Le petit homme accompagna ces derniers mots d'un clignement d'yeux qui voulait dire qu'il n'avait pas grande idée de l'état des finances des deux voyageurs.
M. Codlin, qui avait les manières brusques et moroses, répliqua en enlevant Polichinelle du sommet de la tombe et le rejetant dans la boîte:
«Je m'inquiète peu que nous ayons perdu un liard. Mais vous êtes trop inconsidéré. Si vous étiez devant le rideau, et si comme moi vous voyiez le public en face, vous connaîtriez mieux la nature humaine.
— Ah! Tommy, c'est bien ce qui vous a perdu, de vous attacher à cette branche d'industrie. Lorsque vous représentiez les revenants des drames réguliers dans les foires, vous croyiez à tout excepté aux revenants. Mais maintenant vous êtes un incrédule fini: vous ne croyez plus à rien. Jamais je n'ai vu d'homme changé aussi radicalement.
— N'importe! dit M. Codlin de l'air d'un philosophe mécontent. Je ne suis plus si bête: après cela, c'est peut-être un mal.

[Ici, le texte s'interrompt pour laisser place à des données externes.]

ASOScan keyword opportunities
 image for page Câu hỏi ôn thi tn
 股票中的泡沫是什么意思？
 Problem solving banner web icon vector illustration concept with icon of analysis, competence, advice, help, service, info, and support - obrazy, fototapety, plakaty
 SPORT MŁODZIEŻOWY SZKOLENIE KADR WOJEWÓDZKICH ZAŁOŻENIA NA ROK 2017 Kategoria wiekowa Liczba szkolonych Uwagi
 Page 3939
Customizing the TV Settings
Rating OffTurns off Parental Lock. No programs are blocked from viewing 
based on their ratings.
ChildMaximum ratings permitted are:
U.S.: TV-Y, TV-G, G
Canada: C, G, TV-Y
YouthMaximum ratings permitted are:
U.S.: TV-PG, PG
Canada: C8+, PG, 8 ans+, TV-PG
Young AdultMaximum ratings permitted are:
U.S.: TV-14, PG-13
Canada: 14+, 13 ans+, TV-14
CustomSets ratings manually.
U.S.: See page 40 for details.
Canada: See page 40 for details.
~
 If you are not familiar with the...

Tournant alors les figurines dans la botte, en homme qui les connaissait assez pour les mépriser, M. Codlin en retira une, et la soumettant à son associé:
«Voyez ça! Voilà la robe de Judy qui tombe encore en loques. Je parie que vous n'avez apporté ni fil ni aiguille?»
Le petit homme secoua et gratta tristement sa tête en présence de l'état déplorable où il voyait un de ses premiers rôles. Comprenant leur embarras, Nelly dit avec timidité:
«Monsieur, j'ai dans mon panier une aiguille et du fil. Voulez- vous que je vous raccommode cela? Je crois que j'y réussirai mieux que vous.»